# [Task requirements]
Find all the lines in the entries below that hold the word "Volvo" and copy them.

# [Caption-style text data]
—————
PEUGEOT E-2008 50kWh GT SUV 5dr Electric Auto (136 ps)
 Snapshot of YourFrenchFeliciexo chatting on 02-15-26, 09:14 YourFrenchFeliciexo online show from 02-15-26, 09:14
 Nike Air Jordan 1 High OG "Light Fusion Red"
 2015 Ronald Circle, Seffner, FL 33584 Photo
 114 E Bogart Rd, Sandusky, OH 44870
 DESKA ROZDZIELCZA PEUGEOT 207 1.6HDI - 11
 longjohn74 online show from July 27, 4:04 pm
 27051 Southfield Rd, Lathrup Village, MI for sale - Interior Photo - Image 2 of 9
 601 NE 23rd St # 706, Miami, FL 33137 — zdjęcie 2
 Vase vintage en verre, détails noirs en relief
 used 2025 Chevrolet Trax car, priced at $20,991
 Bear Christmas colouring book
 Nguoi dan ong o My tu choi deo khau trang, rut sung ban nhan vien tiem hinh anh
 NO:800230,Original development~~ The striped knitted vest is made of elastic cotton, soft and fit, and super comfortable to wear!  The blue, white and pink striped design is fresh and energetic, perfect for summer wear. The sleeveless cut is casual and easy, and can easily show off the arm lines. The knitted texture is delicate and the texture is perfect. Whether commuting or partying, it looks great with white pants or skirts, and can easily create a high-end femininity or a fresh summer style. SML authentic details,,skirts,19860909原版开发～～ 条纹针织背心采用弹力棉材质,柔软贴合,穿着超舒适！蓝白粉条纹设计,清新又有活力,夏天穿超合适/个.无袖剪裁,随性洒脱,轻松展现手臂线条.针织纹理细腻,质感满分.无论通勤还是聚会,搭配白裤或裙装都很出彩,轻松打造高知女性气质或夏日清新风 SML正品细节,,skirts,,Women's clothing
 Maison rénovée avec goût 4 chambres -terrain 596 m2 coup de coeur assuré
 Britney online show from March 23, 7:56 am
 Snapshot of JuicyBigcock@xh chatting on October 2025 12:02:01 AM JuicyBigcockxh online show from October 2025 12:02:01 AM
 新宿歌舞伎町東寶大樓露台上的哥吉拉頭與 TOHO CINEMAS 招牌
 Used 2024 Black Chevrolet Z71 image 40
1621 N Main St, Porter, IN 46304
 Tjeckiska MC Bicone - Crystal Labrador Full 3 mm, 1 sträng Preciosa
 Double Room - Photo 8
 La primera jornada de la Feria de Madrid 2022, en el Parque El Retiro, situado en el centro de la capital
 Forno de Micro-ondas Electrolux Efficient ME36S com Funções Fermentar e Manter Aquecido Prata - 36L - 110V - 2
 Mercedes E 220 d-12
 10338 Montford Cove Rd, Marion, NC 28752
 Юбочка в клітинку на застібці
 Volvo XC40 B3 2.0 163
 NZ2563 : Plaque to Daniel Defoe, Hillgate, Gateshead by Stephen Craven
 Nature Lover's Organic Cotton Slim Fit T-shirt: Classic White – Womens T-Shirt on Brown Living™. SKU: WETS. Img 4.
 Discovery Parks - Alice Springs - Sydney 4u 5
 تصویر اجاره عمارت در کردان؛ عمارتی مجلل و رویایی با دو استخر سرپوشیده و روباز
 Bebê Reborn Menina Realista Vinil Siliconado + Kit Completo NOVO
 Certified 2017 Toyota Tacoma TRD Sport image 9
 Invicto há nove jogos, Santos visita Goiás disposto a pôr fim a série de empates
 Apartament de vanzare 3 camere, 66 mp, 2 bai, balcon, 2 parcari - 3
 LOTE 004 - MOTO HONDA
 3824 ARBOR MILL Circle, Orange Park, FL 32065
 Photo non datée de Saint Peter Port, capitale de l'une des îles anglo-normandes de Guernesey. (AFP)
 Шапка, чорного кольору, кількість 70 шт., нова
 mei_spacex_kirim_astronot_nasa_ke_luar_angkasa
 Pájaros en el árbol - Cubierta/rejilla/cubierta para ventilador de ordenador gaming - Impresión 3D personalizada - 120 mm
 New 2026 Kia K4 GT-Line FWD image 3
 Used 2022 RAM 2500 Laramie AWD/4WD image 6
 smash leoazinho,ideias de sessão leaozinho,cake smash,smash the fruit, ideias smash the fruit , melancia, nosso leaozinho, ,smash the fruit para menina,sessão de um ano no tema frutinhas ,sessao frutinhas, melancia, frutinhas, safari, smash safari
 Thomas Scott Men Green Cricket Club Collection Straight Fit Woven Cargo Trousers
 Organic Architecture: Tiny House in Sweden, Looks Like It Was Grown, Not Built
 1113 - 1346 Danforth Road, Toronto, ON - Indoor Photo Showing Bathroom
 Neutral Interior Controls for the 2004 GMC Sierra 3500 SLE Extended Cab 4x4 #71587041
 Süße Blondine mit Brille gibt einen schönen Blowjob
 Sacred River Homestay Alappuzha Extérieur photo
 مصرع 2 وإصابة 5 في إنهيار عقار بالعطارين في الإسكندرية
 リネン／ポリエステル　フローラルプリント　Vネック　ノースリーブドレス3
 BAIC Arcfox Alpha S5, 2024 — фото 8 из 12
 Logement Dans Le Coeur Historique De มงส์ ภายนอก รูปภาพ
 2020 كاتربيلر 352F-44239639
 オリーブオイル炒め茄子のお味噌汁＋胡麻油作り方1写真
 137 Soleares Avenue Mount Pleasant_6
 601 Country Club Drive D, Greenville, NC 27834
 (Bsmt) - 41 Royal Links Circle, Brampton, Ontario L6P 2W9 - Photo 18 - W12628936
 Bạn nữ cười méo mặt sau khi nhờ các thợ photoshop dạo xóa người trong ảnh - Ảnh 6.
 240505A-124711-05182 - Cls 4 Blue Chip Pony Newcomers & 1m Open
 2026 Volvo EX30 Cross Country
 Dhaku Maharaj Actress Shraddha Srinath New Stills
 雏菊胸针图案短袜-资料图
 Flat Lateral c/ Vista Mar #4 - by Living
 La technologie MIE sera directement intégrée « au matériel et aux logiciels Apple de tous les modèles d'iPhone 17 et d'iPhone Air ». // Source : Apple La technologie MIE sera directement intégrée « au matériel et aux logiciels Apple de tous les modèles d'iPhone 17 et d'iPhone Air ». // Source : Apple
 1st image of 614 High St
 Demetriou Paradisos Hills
—————
# [Output for this task]
 Volvo XC40 B3 2.0 163
 2026 Volvo EX30 Cross Country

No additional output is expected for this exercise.